Ces citations montrent que Monseigneur Bonfils n’avait pas le droit de se prévaloir du motu proprio pour venir administrer les sacrements dans notre chapelle.
En effet, nous sommes ces prêtres qui sans remettre en cause leur validité, excluons par principe la célébration selon les nouveaux rites. Etant donné ce principe, étant donné que nous ne reconnaissons pas la valeur et la sainteté de la messe ou des sacrements célébrés selon la forme ordinaire, il est incohérent que cet évêque vienne célébrer les confirmations chez nous au nom du motu proprio et il serait pareillement incohérent que nous acceptions de le laisser administrer ces confirmations, dans notre chapelle, toujours au nom de ce même motu proprio.
3) Confusion doctrinale
Par ailleurs, il est clair que Monseigneur Bonfils n’est pas favorable à la défense de la Foi. Comme des milliers d’autres évêques, il est attaché au concile Vatican II et à ses idées. Depuis son passage en Afrique, il s’est même spécialisé dans le dialogue interreligieux, participant encore l’an passé à un colloque aux côtés de pasteurs et d’imams. En 2003, il n’a pas hésité à se rendre au congrès du B’nai B’rith, une organisation juive d’esprit maçonnique, pour s’y voir décerner la « ménora d’or » – le chandelier à sept branches – distinction qui encourageait la promotion du dialogue judéo-chrétien qu’il avait engagé dans le diocèse de Nice. L’abbé Nély a d’ailleurs cité, au cours de son sermon du 4 mars, un extrait d’un discours inadmissible de cet évêque.
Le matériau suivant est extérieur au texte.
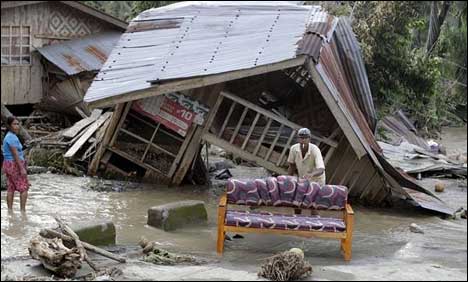 Philippine’s worst Haiyan storm of the year, 1100 killed and millions displaced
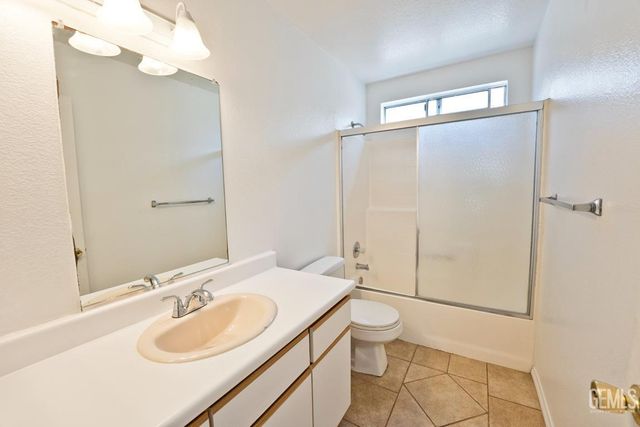 6513 Pine View Drive, Bakersfield, CA 93307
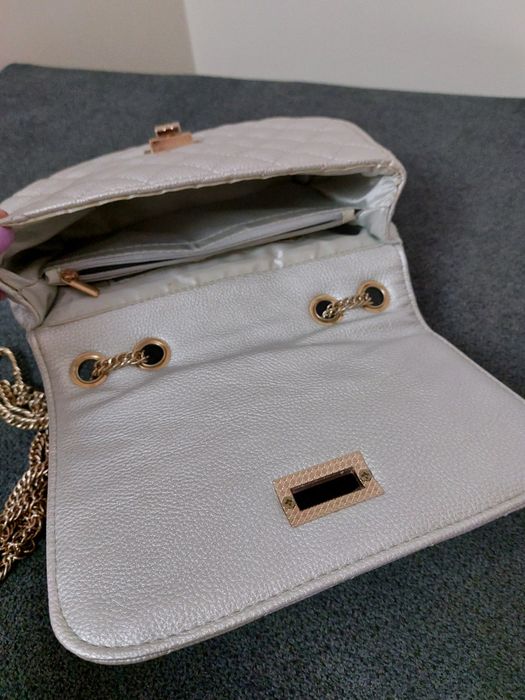 Mala prateada com alça dourada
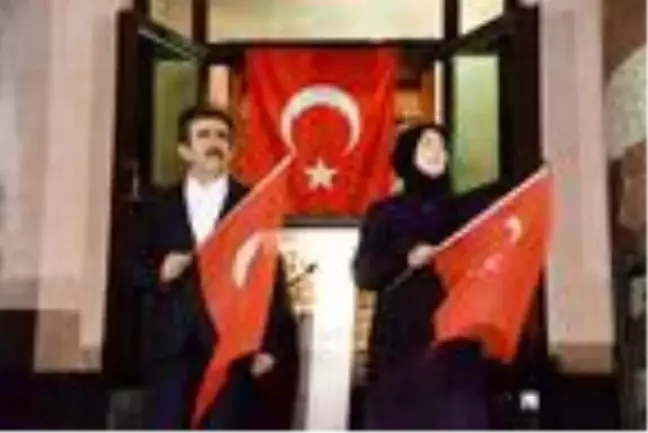 Vali Güzeloğlu, 23 Nisan'ı eşiyle birlikte İstiklal Marşı okuyarak kutladı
C’est l’administrateur diocésain ; nous ne le contestons pas. Mais nous ne pouvons pas donner notre confiance à un évêque qui, non seulement n’a jamais réagi aux nouvelles idées, mais les enseigne et les prêche depuis des dizaines d’années. Ne voit-on pas tout le paradoxe de demander à un évêque dont la Foi est entachée d’erreurs de venir administrer ce sacrement précisément destiné à confirmer dans la Foi ? Cette cérémonie de confirmations par cet évêque ne manque pas d’augmenter la confusion des esprits dans un contexte déjà difficile.
4) La question de la suppléance
Notre acceptation de la venue de cet évêque, au seul motif d’une célébration dans la liturgie traditionnelle, signifierait, lorsque le rite traditionnel est célébré pour une occasion, que la Fraternité ne peut plus légitimement se prévaloir de son rôle de suppléance dans la crise de l’Eglise. Peu importerait donc la doctrine enseignée par ce pasteur ! Il suffirait désormais d’avoir l’assurance de la célébration dans la liturgie traditionnelle pour que notre fonction de suppléance n’existe plus.
Une telle vision est gravement erronée. Malheureusement, des prêtres peuvent très bien célébrer dans le rite traditionnel (et nous nous réjouissons de cela) mais continuer à professer de graves erreurs religieuses ou se taire sur les graves problèmes doctrinaux dénoncés en son temps par Monseigneur Lefebvre.
Une chose est d’encourager les prêtres à célébrer selon l’ancien rite ; une toute autre de pouvoir conseiller à nos fidèles de s’y rendre. La liturgie ne suffit pas ; il faut et la bonne liturgie et la bonne doctrine ! Tant que les fidèles ne peuvent pas se tourner vers des pasteurs dont la doctrine est fiable, l’état de nécessité subsiste et le droit des fidèles de recourir à la suppléance que nous assurons est entier.